The line opened in 1867, funded predominantly by wealthy local mill owners. Within a very short time, the railway became part of the Midland Railway until in 1923 at the Grouping, it was absorbed into the new London Midland and Scottish Railway. Upon Nationalisation in 1948, the line became part of British Railways, and with its fortunes declining with the rise of competition from the roads, the branch closed in 1962.
A Preservation Society was formed which created a Company to buy the line outright, lease access to Keighley station and operate a regular public service. After many years of volunteer struggle, the line re-opened to passenger traffic in June 1968, although that dream of operating a regular public service never came to fruition.
Over 150 years of history of the Worth Valley branch
For almost 100 years, the railway from Keighley to Oxenhope served the mills and people of the Worth Valley
The line was built between 1864 and 1866, opening in 1867, but with the operation of trains ‘franchised’ to the Midland Railway which operated the adjoining Bradford/Leeds – Skipton line. The Midland Railway eventually bought out the KWVR Company. In 1924 the Worth Valley branch line became part of the London, Midland & Scottish Railway and, when our railways were nationalised after World War 2, British Railways (BR) in 1948.
The steep gradient of the branch from Keighley has been a challenge for locomotives ever since the line opened on 15th April 1867. The sound of a steam locomotive tackling this climb echoes from the valley’s steep sides, while great clouds of steam add drama to the scene. Many of the woollen mills that once stood close to the line have been demolished, but a few remain as reminders that the textile industry was the reason why the line was built. Like the railway, the mills relied on coal, and the trains were able to bring hundreds of tons up the valley each week to keep the looms working by steam power. The five-mile journey is a powerful reminder of our industrial heritage, as well as being a unique way of enjoying the beautiful countryside immortalised by Charlotte, Emily and Anne Brontë.

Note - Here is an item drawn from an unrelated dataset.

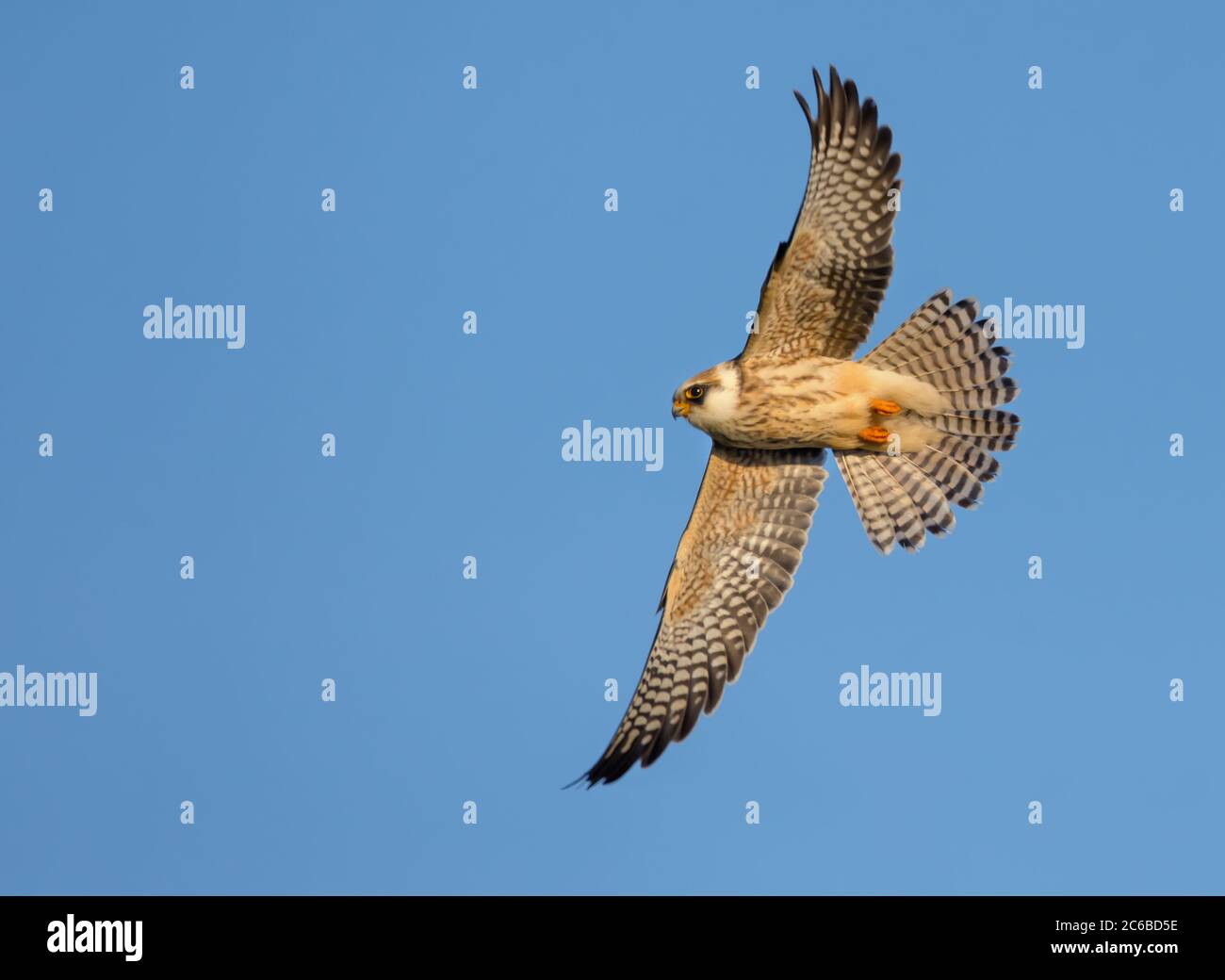 Falco rosso (Falco vescinerus) in volo veloce con ali allungate e piume di coda su cielo blu Foto Stock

BR’s economies closed the branch to passengers in December 1961 and to goods in June 1962, but local opposition was such that local people and railway enthusiasts joined forces to try and save it.
The KWVR in Preservation
The extensive local opposition to the Railway’s closure saw the rise of the Keighley & Worth Valley Railway Preservation Society and, by their efforts, the railway reopened on 29th June 1968.
Diesel railcars were purchased to operate a daily passenger service, a diesel locomotive to work goods trains and several steam locomotives and carriages to operate a tourist service.

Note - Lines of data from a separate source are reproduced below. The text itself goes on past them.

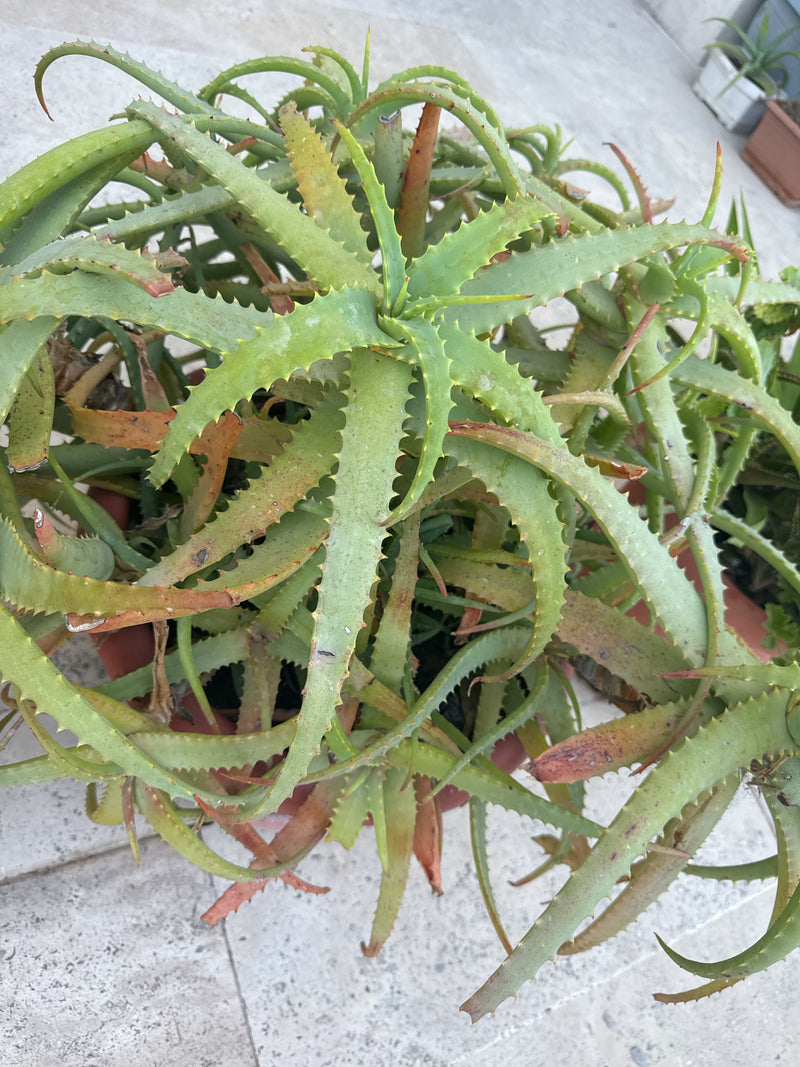Krantz-Aloe — Bild 2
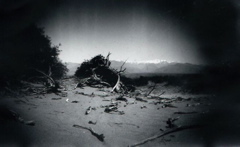 mesquite/shorty's well/pinhole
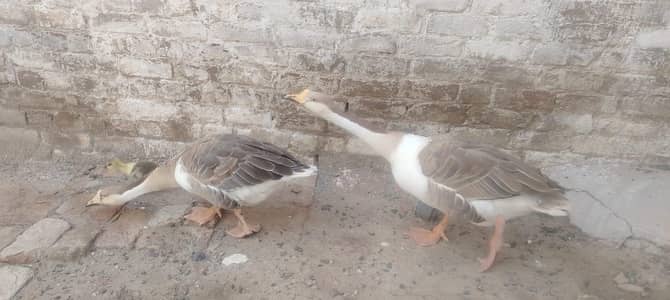 Ducks for sale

Having reopened in 1968, the Worth Valley branch line has been operated and managed almost entirely by qualified volunteer members of the Preservation Society ever since. Whilst the UK rail network was privatised much later, it is not particularly recognised that the sale of the Worth Valley branch was the first privatisation of any part of British Railways and the six-year legal battle to transfer ownership was a testament to this. It is amazing to think now, but the new KWVR did not have to raise the thousands of pounds upfront to buy the Line from BR, we paid them in instalments over the following 25 years – with no interest, simply the cost of the Branch. We paid BR the final instalment in 1992.

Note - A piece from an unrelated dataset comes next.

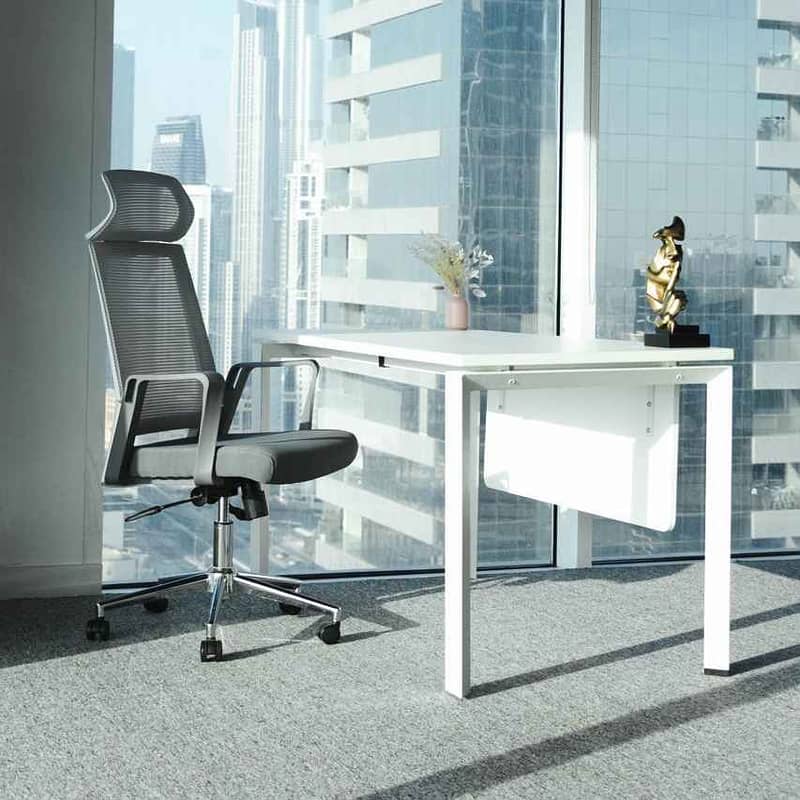 WEBIZZ BUSINESS CENTER LLC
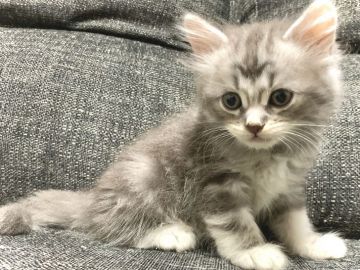 サイベリアン【兵庫県・男の子・2021年7月12日・ブルータビー】の写真「キレイな色の元気な男の子です♪」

The six-year closure led to the line’s goods and 150,000 local passengers finding other means of transport. However, a weekend morning diesel ‘shopper’ service proved viable together with a steam train service from mid-morning with daily steam train services throughout the summer and public holiday weeks. Residents of the Valley can now apply for a special pass which gives them greatly reduced fares and provides a convenient alternative to the bus, especially for those with prams and bulky goods.
Today’s passengers could well be forgiven for thinking that the KWVR has always been the clean and well-maintained place you see today. However, things were very different back in 1962 when BR closed the line and everything was left to rot away or suffer at the hands of vandals. It took six years of hard work and tireless negotiations by volunteers of the Preservation Society before passenger trains finally ran again.
The Railway today serves a dual purpose. Whilst by far the majority of its passengers travel on it for its own sake, a significant minority use it as a means of transport to reach Haworth, or to go walking on the moors. It forms the credible and convenient connecting route between the Aire Valley line at Keighley and the Calder Valley line at Hebden Bridge, the gap being covered by a highly scenic hourly bus service that is worth doing just for its own sake. This runs from outside Ingrow, Haworth and Oxenhope stations and terminates in the station forecourt at Hebden Bridge.
In the years since its reopening, not only has the KWVR developed into one of the country’s premier ‘heritage’ railways, it has continued a tradition of service to the communities along the Worth Valley and those who use the line to visit the stunningly beautiful surrounding countryside, operating rail services on more than 200 days per year.
In 2018, the KWVR celebrated its 50 years of operating the line between Keighley & Oxenhope, and has now owned and operated the branch longer than any other organisation in its 153-year history.